Arm has announced three new Armv9-based CPUs: the Arm Cortex-X2, the Cortex-A710, and the Cortex-A510.
Arm’s CPU designs are used in the vast majority of Android smartphones today, with everyone from Google and OnePlus to Samsung and Huawei using the company’s CPUs in some form. These companies license Arm’s CPU cores and use them together with a GPU, NPU, ISP, DSP, etc., to make a system-on-a-chip (SoC). For example, the Snapdragon 888 uses a Cortex-X1, three Cortex-A78 cores, and four Cortex-A55 cores.
Those are all 64-bit Armv8 CPU designs. Arm recently launched its new instruction set architecture (ISA) for the next decade, Armv9. The new architecture is 64-bit and backward compatible with Armv8 but adds lots of future-proofing tech like Scalable Vector Extensions 2 (SVE2) and security-related features like Memory Tagging Extensions (MTE). With the move to Armv9, the company needs to upgrade all three of its mobile CPU tiers to Armv9. That means we’re getting three new CPU core designs in one batch. Here’s what we know about them!
Cortex-X2: The performance core gets more performance
The Cortex-X1 was the first CPU core from Arm’s Cortex-X Custom (CXC) program. This focuses on performance over efficiency, even more so than Arm’s traditional big cores. The Cortex-X1 has found its way into the Exynos 2100 and Snapdragon 888 chipsets, serving as the new prime core in these SoCs. Because it is tweaked for performance, there is normally only one X core on a mobile device. However, there is always the potential for multiple Cortex-X cores in an SoC designed for Chromebooks or other laptops.

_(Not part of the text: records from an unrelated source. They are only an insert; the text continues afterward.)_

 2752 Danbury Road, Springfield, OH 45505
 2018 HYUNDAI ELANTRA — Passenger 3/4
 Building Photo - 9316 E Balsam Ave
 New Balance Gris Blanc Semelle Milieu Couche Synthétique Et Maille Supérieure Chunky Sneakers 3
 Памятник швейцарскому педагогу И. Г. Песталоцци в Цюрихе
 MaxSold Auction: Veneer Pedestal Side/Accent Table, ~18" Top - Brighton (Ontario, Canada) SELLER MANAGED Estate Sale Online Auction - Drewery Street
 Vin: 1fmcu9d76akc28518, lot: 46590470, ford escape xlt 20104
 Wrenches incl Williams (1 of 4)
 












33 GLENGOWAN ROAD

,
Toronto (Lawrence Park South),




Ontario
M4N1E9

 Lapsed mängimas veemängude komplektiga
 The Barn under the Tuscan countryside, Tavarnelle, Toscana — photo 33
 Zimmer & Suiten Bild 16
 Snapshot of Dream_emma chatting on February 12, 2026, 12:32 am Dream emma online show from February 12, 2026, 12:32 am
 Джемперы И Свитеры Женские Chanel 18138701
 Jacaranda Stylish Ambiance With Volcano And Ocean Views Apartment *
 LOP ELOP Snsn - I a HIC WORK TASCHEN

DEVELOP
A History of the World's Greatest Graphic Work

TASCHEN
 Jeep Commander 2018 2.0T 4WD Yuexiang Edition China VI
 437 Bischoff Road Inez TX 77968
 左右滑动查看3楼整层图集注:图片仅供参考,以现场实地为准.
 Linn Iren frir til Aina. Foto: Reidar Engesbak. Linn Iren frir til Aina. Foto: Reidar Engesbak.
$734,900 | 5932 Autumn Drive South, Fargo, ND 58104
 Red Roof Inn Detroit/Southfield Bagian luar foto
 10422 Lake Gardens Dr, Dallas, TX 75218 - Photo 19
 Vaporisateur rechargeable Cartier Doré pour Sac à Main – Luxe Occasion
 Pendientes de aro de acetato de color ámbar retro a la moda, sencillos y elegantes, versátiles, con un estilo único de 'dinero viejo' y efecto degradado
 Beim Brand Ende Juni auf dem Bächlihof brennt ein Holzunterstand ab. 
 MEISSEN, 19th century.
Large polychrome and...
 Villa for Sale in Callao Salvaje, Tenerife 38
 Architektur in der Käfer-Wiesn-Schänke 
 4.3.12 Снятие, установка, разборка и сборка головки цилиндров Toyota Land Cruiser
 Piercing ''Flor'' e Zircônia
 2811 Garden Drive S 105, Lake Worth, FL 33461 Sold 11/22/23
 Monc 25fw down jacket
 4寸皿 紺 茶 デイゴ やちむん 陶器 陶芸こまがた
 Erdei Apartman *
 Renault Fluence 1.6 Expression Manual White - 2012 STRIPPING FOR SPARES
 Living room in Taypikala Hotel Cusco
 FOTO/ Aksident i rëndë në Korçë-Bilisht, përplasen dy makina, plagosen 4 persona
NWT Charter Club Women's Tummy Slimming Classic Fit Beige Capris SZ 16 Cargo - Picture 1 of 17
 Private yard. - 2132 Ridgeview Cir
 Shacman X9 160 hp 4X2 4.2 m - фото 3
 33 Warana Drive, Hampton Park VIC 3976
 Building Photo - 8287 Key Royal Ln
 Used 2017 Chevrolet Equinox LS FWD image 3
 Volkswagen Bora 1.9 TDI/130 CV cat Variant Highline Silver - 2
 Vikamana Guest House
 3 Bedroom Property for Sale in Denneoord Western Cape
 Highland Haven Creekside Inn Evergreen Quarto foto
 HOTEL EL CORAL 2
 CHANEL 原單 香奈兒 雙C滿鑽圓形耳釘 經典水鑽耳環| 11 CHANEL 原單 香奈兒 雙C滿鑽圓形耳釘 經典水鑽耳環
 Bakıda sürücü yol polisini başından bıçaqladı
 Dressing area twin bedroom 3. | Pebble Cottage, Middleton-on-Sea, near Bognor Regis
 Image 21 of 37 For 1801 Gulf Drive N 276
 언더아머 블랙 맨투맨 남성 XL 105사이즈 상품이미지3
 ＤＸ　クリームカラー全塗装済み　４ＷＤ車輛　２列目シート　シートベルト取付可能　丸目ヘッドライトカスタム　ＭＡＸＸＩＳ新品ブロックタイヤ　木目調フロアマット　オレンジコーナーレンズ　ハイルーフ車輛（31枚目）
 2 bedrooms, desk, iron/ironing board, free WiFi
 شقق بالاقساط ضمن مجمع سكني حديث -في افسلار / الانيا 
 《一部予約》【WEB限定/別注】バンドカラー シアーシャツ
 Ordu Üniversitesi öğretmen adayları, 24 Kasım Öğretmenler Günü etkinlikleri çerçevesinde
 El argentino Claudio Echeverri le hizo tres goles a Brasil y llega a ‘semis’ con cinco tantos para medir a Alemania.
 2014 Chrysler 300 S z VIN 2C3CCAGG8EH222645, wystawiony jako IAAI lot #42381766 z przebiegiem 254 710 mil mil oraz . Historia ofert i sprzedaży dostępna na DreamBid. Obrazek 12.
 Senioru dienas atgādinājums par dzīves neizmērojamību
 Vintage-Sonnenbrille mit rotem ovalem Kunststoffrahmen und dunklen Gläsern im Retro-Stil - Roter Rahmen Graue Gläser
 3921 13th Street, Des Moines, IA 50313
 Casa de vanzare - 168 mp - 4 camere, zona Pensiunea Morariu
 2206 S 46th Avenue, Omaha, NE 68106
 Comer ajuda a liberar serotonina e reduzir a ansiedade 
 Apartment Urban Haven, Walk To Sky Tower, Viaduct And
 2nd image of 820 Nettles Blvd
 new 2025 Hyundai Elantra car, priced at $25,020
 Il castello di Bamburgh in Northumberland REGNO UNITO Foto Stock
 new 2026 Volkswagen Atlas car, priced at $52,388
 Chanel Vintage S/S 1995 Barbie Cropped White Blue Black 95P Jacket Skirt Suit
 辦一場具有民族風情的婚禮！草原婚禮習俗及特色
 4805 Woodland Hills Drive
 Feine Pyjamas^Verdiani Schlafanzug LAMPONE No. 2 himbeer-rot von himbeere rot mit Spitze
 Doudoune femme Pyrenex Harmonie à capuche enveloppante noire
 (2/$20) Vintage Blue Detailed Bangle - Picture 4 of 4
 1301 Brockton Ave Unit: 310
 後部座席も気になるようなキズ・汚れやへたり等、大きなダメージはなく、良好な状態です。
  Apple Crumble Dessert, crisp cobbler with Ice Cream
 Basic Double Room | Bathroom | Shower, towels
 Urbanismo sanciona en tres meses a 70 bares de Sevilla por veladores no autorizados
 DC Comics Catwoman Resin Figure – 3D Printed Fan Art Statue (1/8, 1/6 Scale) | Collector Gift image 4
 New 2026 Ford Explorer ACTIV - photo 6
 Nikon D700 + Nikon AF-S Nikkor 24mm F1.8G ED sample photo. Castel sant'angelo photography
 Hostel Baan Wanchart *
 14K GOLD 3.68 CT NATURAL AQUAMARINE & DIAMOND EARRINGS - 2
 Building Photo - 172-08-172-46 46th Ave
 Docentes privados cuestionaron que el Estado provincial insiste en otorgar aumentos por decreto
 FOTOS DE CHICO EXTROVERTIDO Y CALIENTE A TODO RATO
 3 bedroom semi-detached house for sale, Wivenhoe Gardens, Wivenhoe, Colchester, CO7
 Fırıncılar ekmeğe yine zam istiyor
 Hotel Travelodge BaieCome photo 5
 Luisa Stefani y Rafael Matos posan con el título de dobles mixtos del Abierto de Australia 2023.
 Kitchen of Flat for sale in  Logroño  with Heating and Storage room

Now, Arm has revealed the Cortex-X2. It is a 64-bit only (no 32-bit mode) Armv9-based CPU with the potential of a 16% performance improvement over the X1 (if built using the same manufacturing process and clock frequencies).
The company expects the processors using the Cortex-X2 to offer up to a 30% performance boost over 2021’s flagship phones (which use the X1) when other improvements like more cache are taken into account. Arm also says you can expect a 2x boost to machine learning performance over the X1.
The Armv9-based Cortex-X2 has the potential of a 16% performance improvement over the X1.
To find the extra performance, the X2 designers have decoupled the branch production from the fetch. This means the fetch can run ahead of the branch predictor and allow it to smooth out any gaps that may appear in the pipeline due to branching. The predictor itself has also been improved and now includes an alternative path predictor. This results in fewer branch misses, which in turn increases performance.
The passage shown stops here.